How would you tag a relation that is equally used as cycling and hiking route. In my specific case it is about the “Rail Corridor” in Singapore.
There was a similar question 12 years ago. He copied the bicycle relation in JOSM and changed the copy to a hiking relation. Is this still the recommended way?
Multiple values in the route=* tag are valid, so a single route relation tagged route=hiking;bicycle accurately describes this situation. One of the major route relation data consumers, Waymarked Trails, documents this usage on the about page:
A route tag with multiple values is supported when they are separated by semicolon without any surrounding spaces.
So two route relations are not necessary unless the hiking route and cycling route aren’t quite exactly the same (i.e. they diverge in a few places). In that case, two separate relations is a better way to do it.
If the routes are fully identical (the route itself and also all the tags describing the routes) I would suggest as well route=hiking;bicycle.

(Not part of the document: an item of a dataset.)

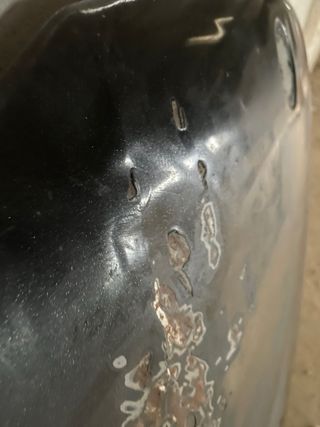 Capo e36 coupe/cabrio para reparar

But as soon as that’s not the case (lie each of them has it’s own color, website,…), creating two relations is the way to do.

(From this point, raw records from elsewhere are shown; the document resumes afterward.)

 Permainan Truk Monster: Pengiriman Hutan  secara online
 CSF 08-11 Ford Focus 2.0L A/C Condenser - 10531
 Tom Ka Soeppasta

That’s interesting, I tried this a while back and it didn’t seem to work well so I ended up with the “two relations” approach. Maybe it is an improvement since I looked at it, or maybe I was looking at something other than Waymarked Trails at the time. I wouldn’t be very confident that other renderers will pick up the value after the semi-colon, but I haven’t tried recently.
I suppose that for consistency, the network tag should be something like “rcn;rwn”.
As others have said, for longer trails it often happens that the two routes are not exactly identical (e.g. the cycling route has to avoid a short section of pedestrian-only footway) so it’s difficult to avoid two relations in those cases.
I’m doubtful about this also, the “highway=path” issues seem complex enough without adding route relation issues which seems quite separate, unless I am missing something.
In France there are routes that are identical for hiking, riding and cycling. For one of these routes I made a separate relation for each of the three.
Another idea could also be, to create a route-relation for the route itself and then a route_master for each kind. So each type could have dedicated tags and still the route would be stored in a single relation.
From what I understand of route_master, it serves to share tags and not geometry. If this is true, then probably the solution here would be a bit different, in order to share geometry. For instance a type=route relation that is included as the only member in a route=hiking relation and a route=cycling relation.
Yes, I think these are almost opposite situations: route_master brings together different geometries that share some common tags, whereas here we are trying to express that two sets of tags share a single geometry. Adapting route_master for that purpose might be a stretch too far.
As you say, maybe a “route of routes” or “superroute” concept would work. We already have a lot of usage of these concepts to build long routes from shorter ones. But I think currently, the lowest level relations always have a route=hiking/cycling/etc tag. Leaving that undefined might not be supported by relevant tools.
Looking at actual usage, the semi-colon approach doesn’t seem to have really taken off despite Waymarked Trails support. Where it is used, hiking and MTB is by far the most common combination. But I don’t really know how many routes could potentially use this approach, so maybe 500 or so total uses could be considered quite a lot.
That might be the case, though it would work out in tools which support route_master. If you think about a cycling-route split due to it length in multiple route-relations, the route_master contains the tags of the route and the route inside just are necessary to provide the geometry. Nobody cares actually about the tags of those route
I agree as I said above that the approach could be similar to this kind of “route of routes” mapping.
I just don’t think route_master is used in that way. As far as I know, long routes like Eurovelo are mapped as route=bicycle, type=superroute (or sometimes just type=route).
route_master-relations are used to map variants of the same public transport route. Like a bus, sometimes taking route A, sometimes route B. I also don’t think it can be used for this special purpose
Oops… you are right, I mixed up route_master and superroute. So there could be one type=superroute with route=bicycle and another type=superroute with route=hiking having the tags and both have as member a type=route relation containing the geometry.
I like this idea, but we should be aware that the concept of “tag inheritance” between parent relations and member relations is unclear in OSM. The documentation of Waymarkedtrails is the most explicit that I ever found about this, but it is only one application and only one tag (route networks). We would need to clarify how some tags are not inherited and others are, ideally.